Только вдруг в этот самый, в такой остро волнующий момент с верхнего этажа ближайшего дома высовывается наш офицер в странной позе: одной рукой он дает флажком отмашку, в другой у него телефонная трубка зажата. Ею он тоже зачем-то размахивает. При этом кричит он своим артиллеристам:
– Отставить огонь! Отставить огонь!
Пришлось мне снаряд положить обратно в ящик. Оказалось, война в Берлине кончилась. Берлинский гарнизон скапитулировал…
Если вспомнить весь тот день с утра до вечера, то могу сказать без ошибки: пилотку вверх не меньше тысячи раз подбрасывал, очередей не меньше полсотни выпустил. Глотку от крика «ура!» насквозь прорвал. В качаниях участвовал бесконечно. Аж руки онемели! Шутка сказать – не только офицеров, но и всех солдат полка надо было перекачать. Каждого вверх раз по десять подкидывали. Когда своих перекачали, проходящих мимо военнослужащих стали хватать. Генерал-майора какого-то из «виллиса» вытащили и в воздух раз пять запузырили… А целование происходило – повальное! Роты, батареи, дивизионы, эскадроны, батальоны, полки, дивизии, корпуса… да что там корпуса! – армии!!! – все насквозь перецеловались. Целовался я и с замполитом лейтенантом Самотесовым.
Когда к ночи я повалился спать, то долго еще думал. С горечью в сердце вспоминал я про Мишку Кунина, который не дожил всего один час до победы над берлинским гарнизоном. И о тех, кто еще меньше не дожил. Сколько их – погибших за минуту, за полминуты, за пять секунд до сигнала отбоя?! И так мне опять стало и больно, и досадно оттого, что не успел я свой снаряд по фашистам использовать… Нет, нет, решил я, не во всем абсолютно прав замполит Самотесов! Мое чувство подсказывает мне, что должен я свою священную месть совершить, что все равно своего случая дождусь. Пусть запомнят здесь, в Берлине, русского солдата Ивана Тимохина!

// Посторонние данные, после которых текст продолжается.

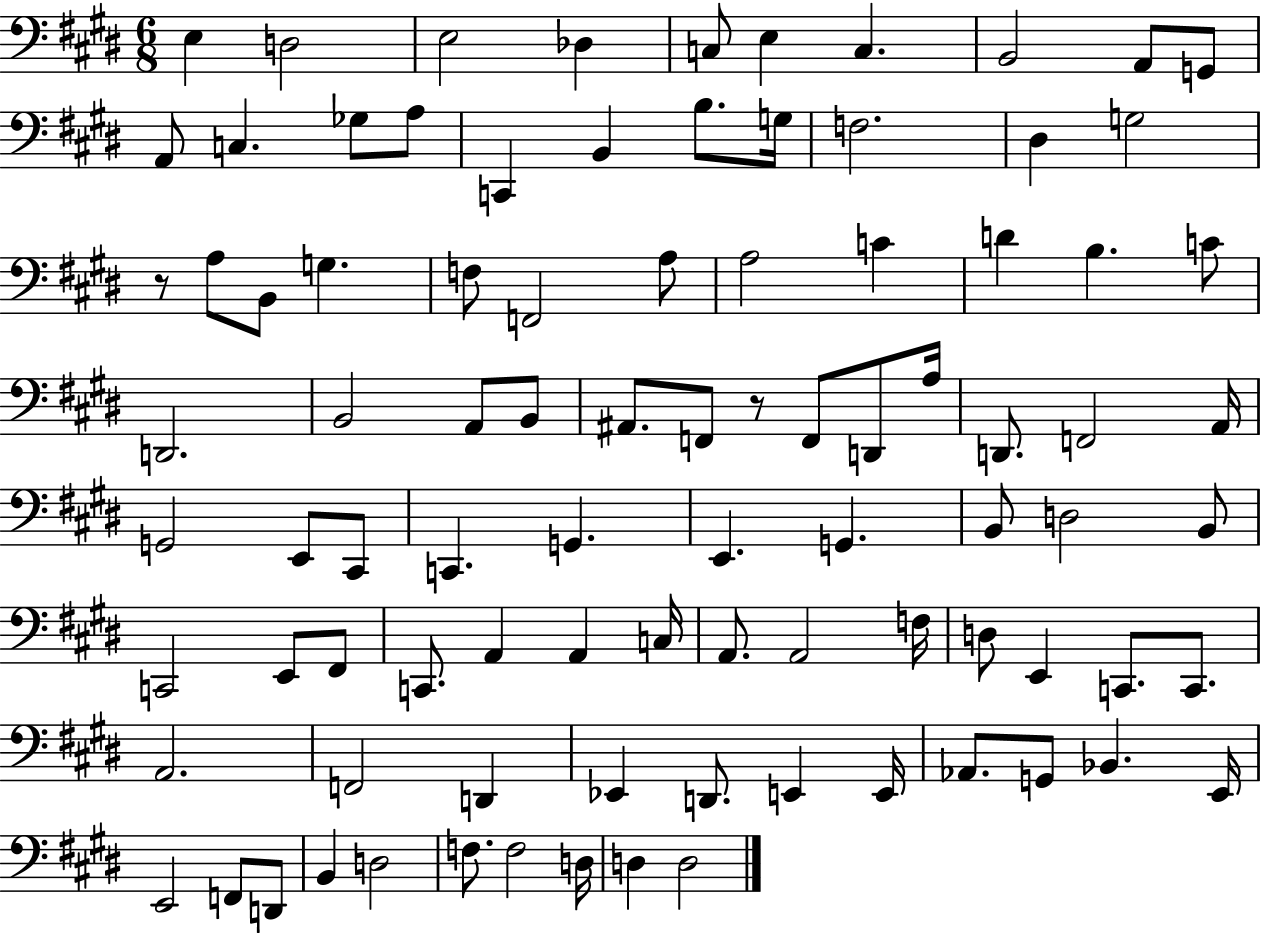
X:1
T:Untitled
M:6/8
L:1/4
K:E
E, D,2 E,2 _D, C,/2 E, C, B,,2 A,,/2 G,,/2 A,,/2 C, _G,/2 A,/2 C,, B,, B,/2 G,/4 F,2 ^D, G,2 z/2 A,/2 B,,/2 G, F,/2 F,,2 A,/2 A,2 C D B, C/2 D,,2 B,,2 A,,/2 B,,/2 ^A,,/2 F,,/2 z/2 F,,/2 D,,/2 A,/4 D,,/2 F,,2 A,,/4 G,,2 E,,/2 ^C,,/2 C,, G,, E,, G,, B,,/2 D,2 B,,/2 C,,2 E,,/2 ^F,,/2 C,,/2 A,, A,, C,/4 A,,/2 A,,2 F,/4 D,/2 E,, C,,/2 C,,/2 A,,2 F,,2 D,, _E,, D,,/2 E,, E,,/4 _A,,/2 G,,/2 _B,, E,,/4 E,,2 F,,/2 D,,/2 B,, D,2 F,/2 F,2 D,/4 D, D,2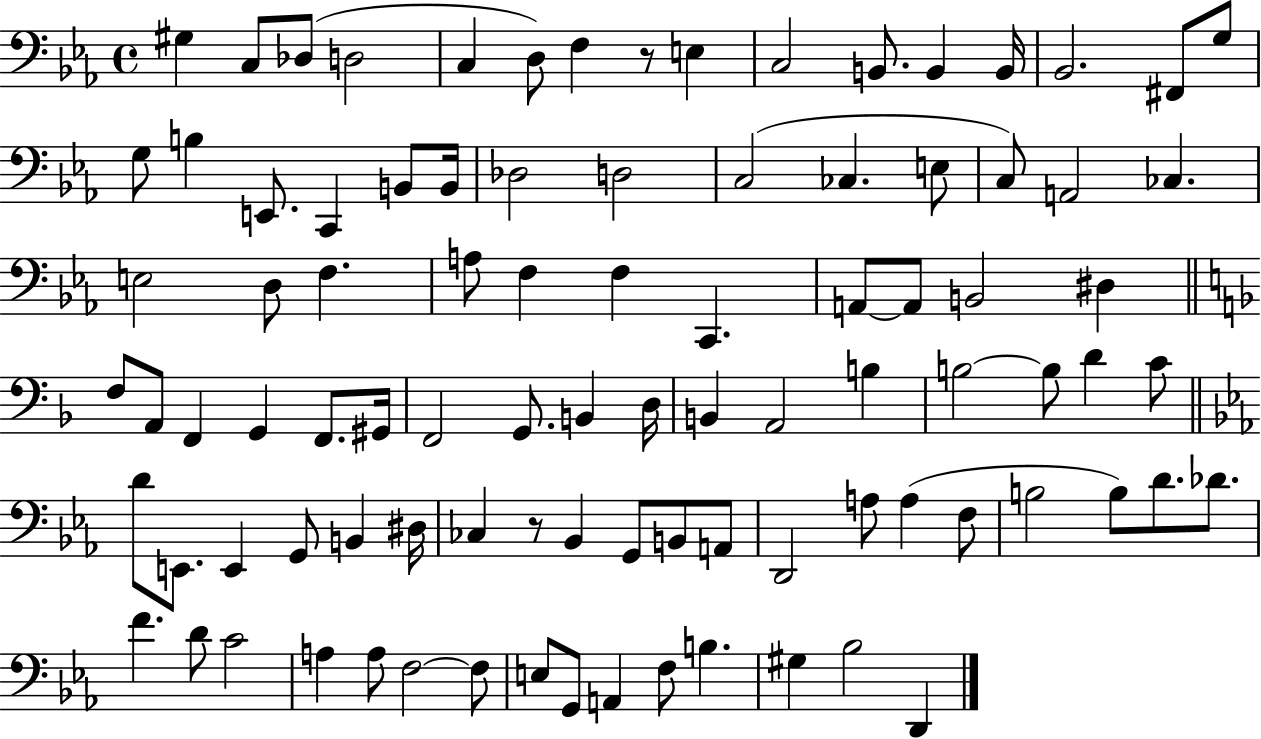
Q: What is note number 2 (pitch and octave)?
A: C3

Пусть знают, что он, Иван Тимохин, проще говоря – я, человек не злой, но уж ежели его – меня то есть – разозлить… Вот на таких зловещих мыслях я тогда и заснул.
Наутро все мы встали на зарядку. Сколько лет ее, зарядки, и в помине не было! Потом позавтракали, помылись, побрились, чистые подворотнички попришивали… И все это время ощущал я в себе какое-то ненормальное самочувствие. Вроде головокружения, что ли? В ушах что-то шумит. В ногах какой-то зуд и в руках тоже. Оказалось – у всех такое состояние. Будто не облака над нами в ясном майском небе плывут, а мы будто мимо неба плывем, праздными этакими пассажирами… Потом только сообразили, в чем дело. Непривычно уж больно все это для нас. И тишина непривычная. И неподвижность собственная. Не надо ни бежать, ни пригибаться, ни падать, ни по разбитым лестничным пролетам носиться… Стрелять не надо! А главное – напряжение спало с плеч, что вот-вот тебя прострочит очередь, вот-вот тебя разорвет снарядом, вот-вот на тебя стена дома обрушится… Такое состояние – будто чего-то не хватает, будто ты не в своей тарелке находишься. И ты даже не знаешь, чем бы тебе заняться. Кроме чистки оружия, конечно.

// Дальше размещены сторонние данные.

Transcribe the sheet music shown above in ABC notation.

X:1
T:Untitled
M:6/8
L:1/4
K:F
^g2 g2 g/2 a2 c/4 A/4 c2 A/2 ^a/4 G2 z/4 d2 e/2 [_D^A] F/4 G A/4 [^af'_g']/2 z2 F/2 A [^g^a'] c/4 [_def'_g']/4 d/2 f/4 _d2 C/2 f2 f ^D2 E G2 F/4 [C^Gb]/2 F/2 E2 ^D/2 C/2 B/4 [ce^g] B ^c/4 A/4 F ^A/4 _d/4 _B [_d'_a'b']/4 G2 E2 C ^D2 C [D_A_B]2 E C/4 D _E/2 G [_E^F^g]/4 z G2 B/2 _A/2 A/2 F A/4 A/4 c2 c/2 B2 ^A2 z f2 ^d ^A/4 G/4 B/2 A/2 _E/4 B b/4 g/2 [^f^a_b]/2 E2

Одна надежда на командование. Не может такого быть, чтобы оно не нашло солдату работы!
И точно. Заявляются к нам с утра командир роты и замполит товарищ Самотесов. Оба веселые. И делают нам предложение: идти с ними на экскурсию по Берлину.
Условия прогулки объявляют такие: оружие при себе иметь, идти как бы не строем, но группами. Каждая под командой старшего. При этом так и было сказано – быть готовыми на все, в смысле возможных провокаций.

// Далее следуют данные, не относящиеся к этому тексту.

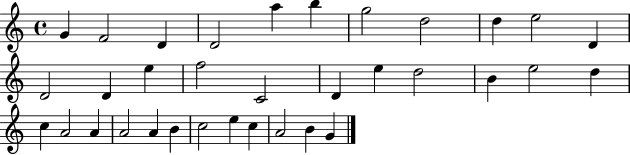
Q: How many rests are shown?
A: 0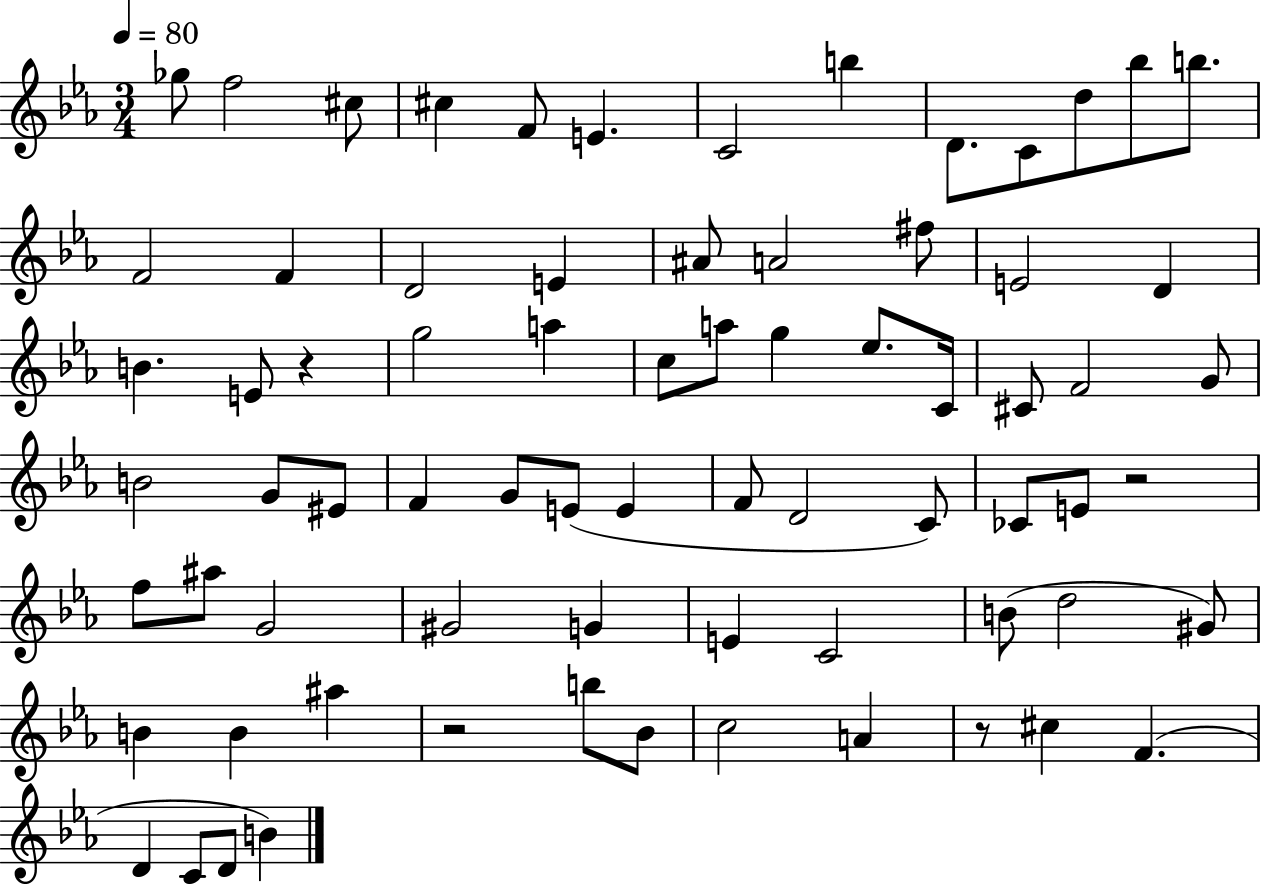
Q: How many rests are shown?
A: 4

Только это я с любовью погладил свой автомат по протертому маслом ложу, как вдруг слышу возле себя голос замполита лейтенанта Самотесова.
– А тебе, – говорит, – Тимохин, быть в моей группе и не отступать ни на шаг.
– Есть, – говорю, – не отступать ни на шаг.
Слова такие привычные, а смысл их совсем какой-то теперь другой. Вроде мне снова под присмотром быть… Однако судьба опять же по-своему распорядилась. Не успели мы разобраться по группам, как вдруг притопал связной из штаба полка и громко кричит:
– Товарищ лейтенант Самотесов! Приказано вам бегом, на полусогнутых, бежать в штаб дивизии за получением правительственной награды! Генерал из штаба армии ждет награжденных!
Хотели мы тут все нашего замполита поздравить, то есть качнуть, но не успели. Подхватился он с места бежать за этим связным – только сумка полевая по боку брякает. В результате такого оборота старшим над нашей группой оказался помощник командира взвода Шевчук, добрый такой толстяк.
Пошли мы на экскурсию. Надо сказать, что повержен Берлин был здорово. Строем, например, идти было никак невозможно. Так завалены были улицы обломками зданий и всяким искореженным металлом, что идти приходилось между развалинами только гуськом. Наподобие того, как в блокадном Ленинграде по улицам промеж ледяных горок и сугробов пробирались. Я замыкающим в этом «гуське» оказался. Дай, думаю, отстану понемногу и в свободное плавание себя пущу. Авось я тех, недобитых, которых срочно добить требуется, найду…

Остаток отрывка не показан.